Iran, Nordkorea und China sind da im Visier – wenngleich auf dem Gipfeltreffen der Außenminister der sieben größten westlichen Industrienationen Ende November sie nicht namentlich genannt wurden. Bundesaußenministerin Baerbock drohte jedem Unterstützer Russlands mit Sanktionen.4

Krieg ist Frieden

National brüstet sich die SPD mit dem amtierenden Kanzler als Partei des Friedens. Dabei hatte sie noch kurz überlegt, den Kriegs-, pardon: Verteidigungsminister gegen Scholz als Spitzenkandidat für die bevorstehende Bundestagswahl auszutauschen – wo der doch viel beliebter ist mit seinem zackigen Aufrüstungsprogramm.

Nun bleibt sie bei Olaf. Und der stoppt zwar nicht seine Zeitenwende mit dem 100 Millionen-Euro-Sondervermögen für die Bundeswehr und mit der Stationierung von Russland erreichenden Mittelstreckenraketen.

Aber er liefert der Ukraine keine bis zu 500 Kilometer fliegenden Taurus-Marschflugkörper. "Friedenspolitik" heißt demnach für ihn: Krieg weiter anheizen, aber bitte nicht vom Kriegsgegner als Gegner behandelt werden. Und das dient dem Frieden – in Deutschland. "Krieg ist Frieden" sozusagen – besser hätte es George Orwell nicht ausdrücken können.

Wer gewinnt? Zwischen Pest und Cholera

Der Krieg in der Ukraine geht jetzt in sein viertes Jahr.

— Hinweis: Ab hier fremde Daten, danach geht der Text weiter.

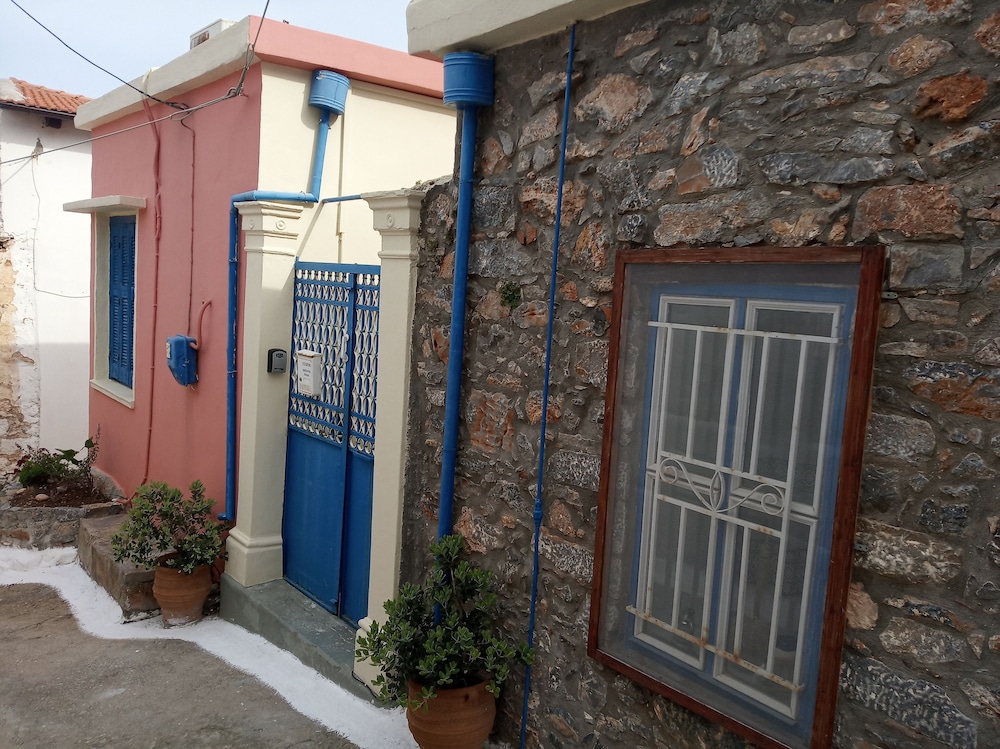 Nektarios Village House — 4-Star Luxury Hotel in Neapolis, Greece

Ein Ende ist nicht abzusehen – beziehungsweise möchte man sich nicht ausmalen: Russland darf nicht gewinnen, heißt es aus dem Westen.

Droht dies aber einzutreten, werden die USA & Co dann doch zu aktiven Kriegsparteien, um ebendies zu verhindern. Es folgt unvermeidlich der Weltkrieg mit Russland.

Gerät umgekehrt Russland ins Hintertreffen, sieht seine Existenz bedroht durch eine in Zukunft mit Massenvernichtungswaffen ausgestattete Ukraine, greift die Nukleardoktrin.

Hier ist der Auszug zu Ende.